Victor Oladipo fue escogido con la segunda elección del Draft de 2013 por los Orlando Magic, después de haber culminado un gran último año en los Hoosiers de Indiana, casualmente, ciudad en la que ha logrado resurgir. En la franquicia de Florida el escolta no acabó de arrancar y mostrar el nivel por el que fue seleccionado en dicha posición, y terminó siendo traspasado a los Oklahoma City Thunder, donde únicamente terminaría durando una temporada.

A pesar de haber estado solo una campaña, Oladipo consiguió un grandísimo contrato, cortesía de Sam Presti, uno de los mejores -sino el mejor- general managers de toda la NBA: 84 millones de dólares en 4 temporadas. Después de haber culminado sus peores números desde su año rookie (vivir a la sombra de Russell Westbrook es lo que tiene), la franquicia de Oklahoma decidió que debía acabar esta relación, y se le presentó una oportunidad de oro donde consiguió a, nada más y nada menos, que Paul George.

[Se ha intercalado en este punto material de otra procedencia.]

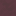 Texture for Nier Factory Scaffold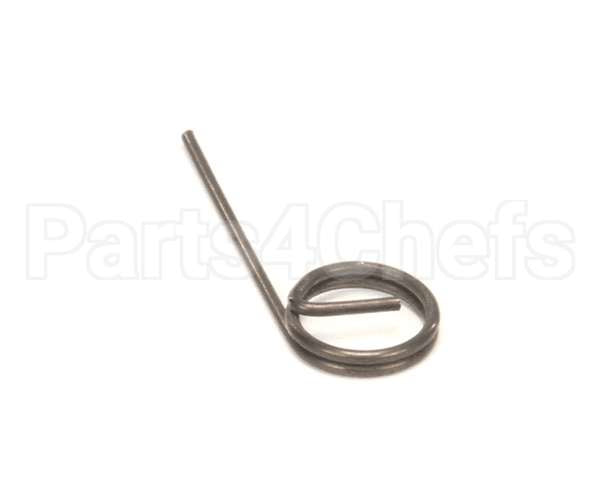 2P-307827 Wells Spring Dwr Stop Rt Rw-Hd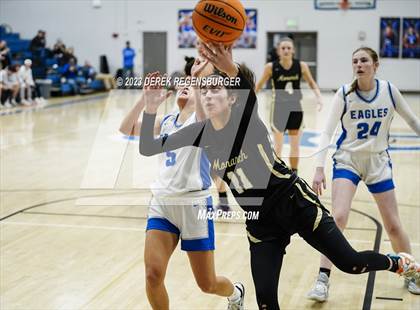 Thumbnail 2 in Monarch @ Broomfield photogallery.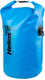 Миниатюра изображения товара Гермомешок Helios HS-DB-303070-B (30л, голубой)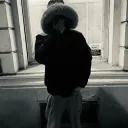 swirixicek
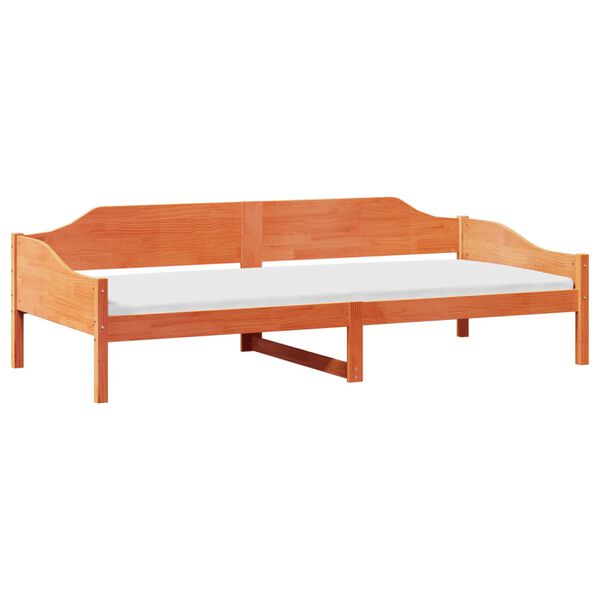 Viser produktbillede 3 af 10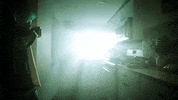 Gdz GIF by Gente De Zona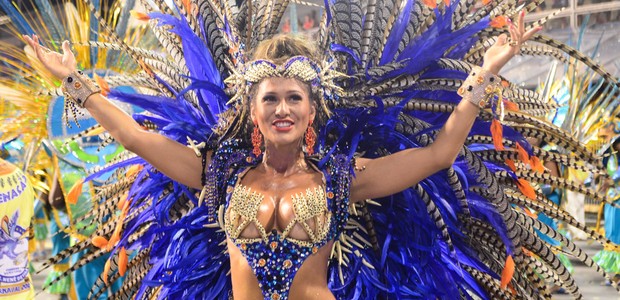 SIGA: Nenê encerra o 1º dia do Anhembi (AO VIVO: Nenê da Vila Matilde caminha para encerrar os desfiles no Anhembi (AO VIVO: Nenê da Vila Matilde caminha para encerrar os desfiles no Anhembi (AO VIVO: Nenê da Vila Matilde desfila homenagem a Moçambique no Anhembi (AO VIVO: Nenê da Vila Matilde )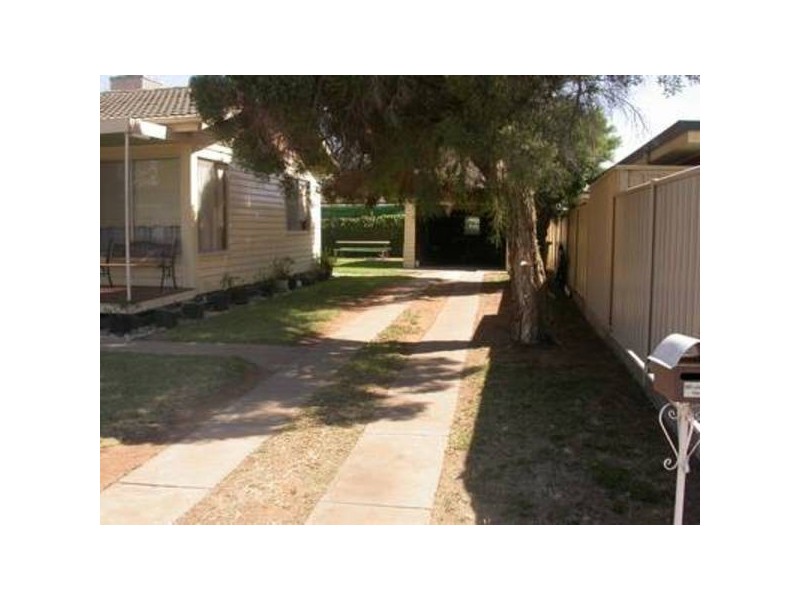 66 Gray Street, Swan Hill VIC 3585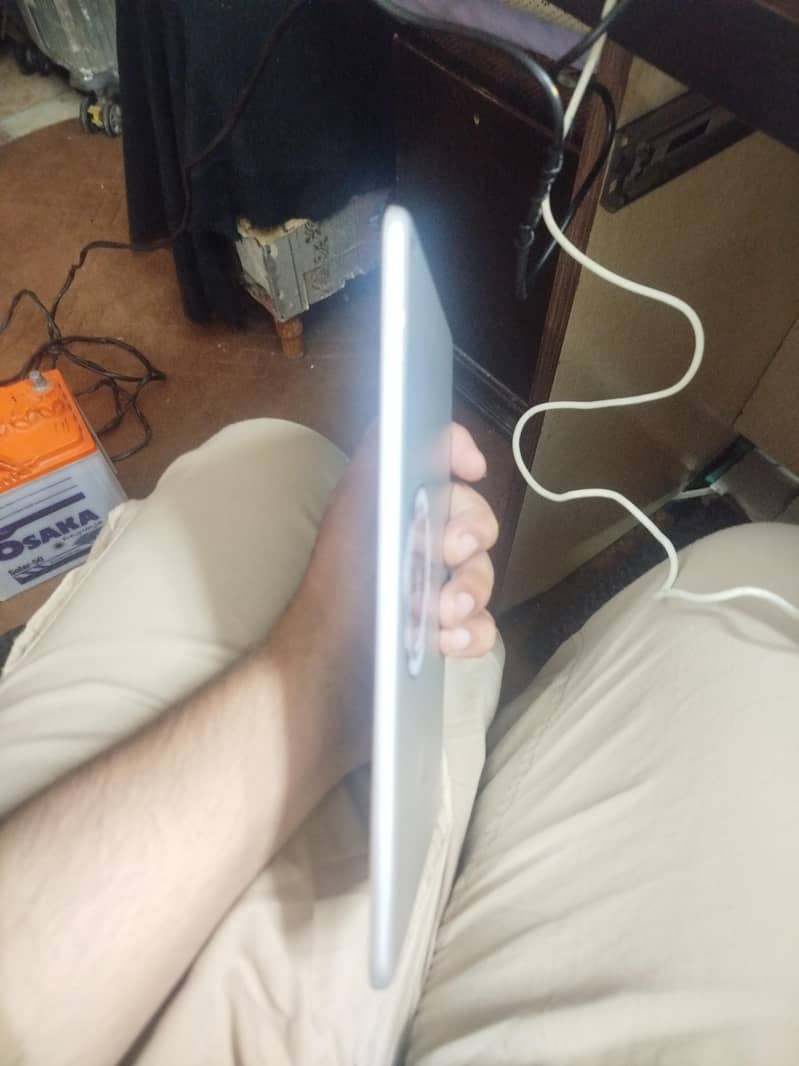 Ipad Mini 5 2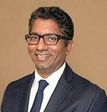 Dr. Ashok Gottemukkala's profile picture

Y en estas estamos ahora, con Victor Oladipo en los Indiana Pacers, en la ciudad que le vio brillar en su último año de universidad, donde maravilló a propios y extraños. Y es que no sabemos si es el clima de Indiana o la forma de vida de la ciudad, pero ‘Mr. 360’ está dejando sus mejores sensaciones desde que llegó a la NBA: siendo líder del ataque y haciendo o deshaciendo lo que él quiere, como una auténtica estrella.

El mejor baloncesto de su carrera

El ritmo de juego veloz impuesto por el coach Nate McMillan le va a las mil maravillas: Oladipo está disputando esta campaña con el mayor ritmo de toda su carrera (101.82).

El escolta estadounidense está promediando más de 23 puntos en lo poco -pero sirve para sacar algunas conclusiones- de lo que llevamos esta temporada, con casi un 50% de acierto en el tiro. Pero es que esta capacidad anotadora también está siendo acompañada por su faceta de asistente, promediando casi 4 asistencias por encuentro (en los Pacers sólo se encuentra por detrás del base, Darren Collison).

Pero es que no es solo en ataque donde lo está haciendo bien Oladipo: ¡También en defensa! Es el segundo mayor ladrón del equipo (0.6 robos por partido) y el tercer mayor taponador, con 0.6 por encuentro. Aunque, ciertamente, esto no debería cogernos por sorpresa, porque en su etapa universitaria fue nombrado como mejor jugador defensivo de la Big Ten de la NCAA, y en la NBA ha ido dejando muestras de ello.

¿Candidato al MIP?

Esta es su quinta temporada en la NBA, y parece un claro candidato para el trofeo al most improved player, o lo que viene siendo lo mismo, al jugador más mejorado de la temporada.

Victor Oladipo está ante una oportunidad estupenda en Indiana, la ciudad que ya le vio brillar en la universidad, para elevar su estatus en la NBA y convertirse en un jugador All-Star. Es una de las caras visibles de unos Pacers que están dejando grandes sensaciones tras la salida de Paul George, algo que parecía imposible cuando se realizó el traspaso. Estamos hablando de una franquicia que gana, y, aunque también pierde, (casi) siempre divierte. Una bendición para los aficionados al baloncesto.